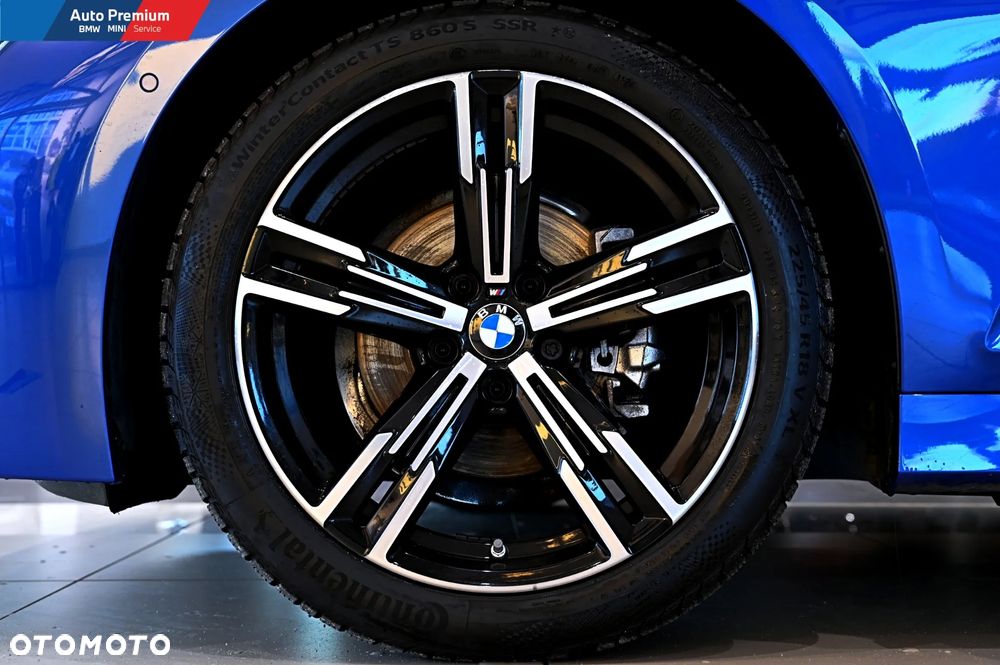 BMW Seria 3 318i M Sport - 22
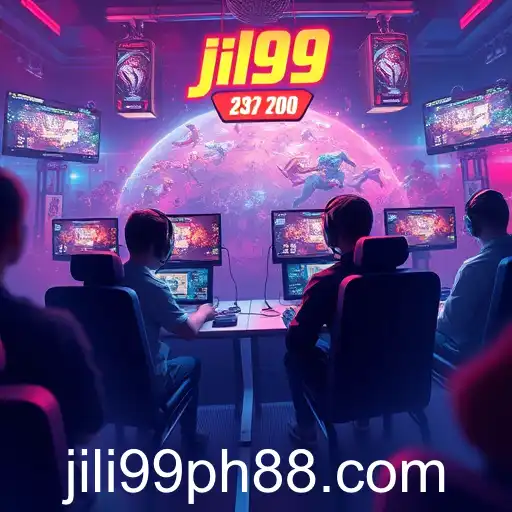 Jili99: Revolutionizing Online Gaming in 2025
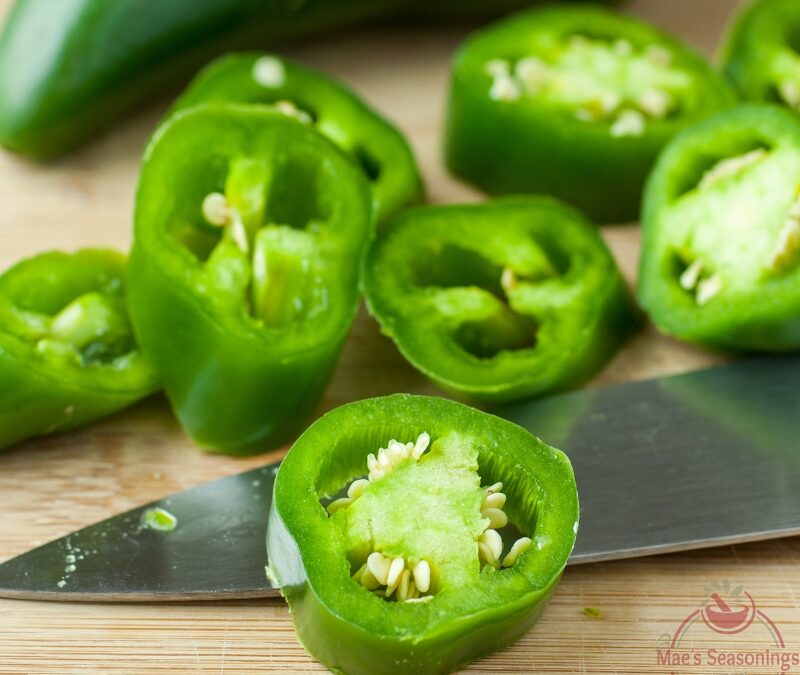Jalapẽno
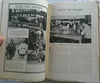 NY city Zeppelin cover 1917 U-Boats Gas Masks Torpedoes May pictorial magazine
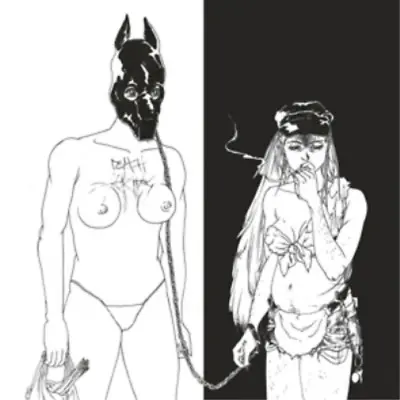 DEATH GRIPS - Money Store CD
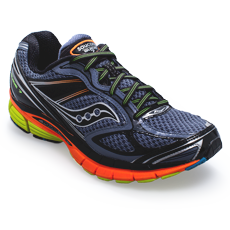 Men's Saucony Guide 7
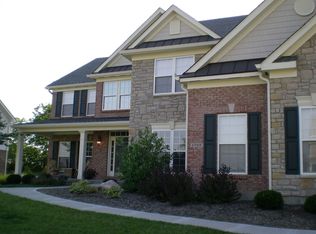 6069 Lancashire Trl, Liberty Township, OH 45044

**TASK ITEM**
Leaving out all pictures, transcribe the listing exactly.

**EXERCISE RESPONSE**
 BMW Seria 3 318i M Sport - 22
 Jili99: Revolutionizing Online Gaming in 2025
Jalapẽno
 NY city Zeppelin cover 1917 U-Boats Gas Masks Torpedoes May pictorial magazine
 DEATH GRIPS - Money Store CD
 Men's Saucony Guide 7
 6069 Lancashire Trl, Liberty Township, OH 45044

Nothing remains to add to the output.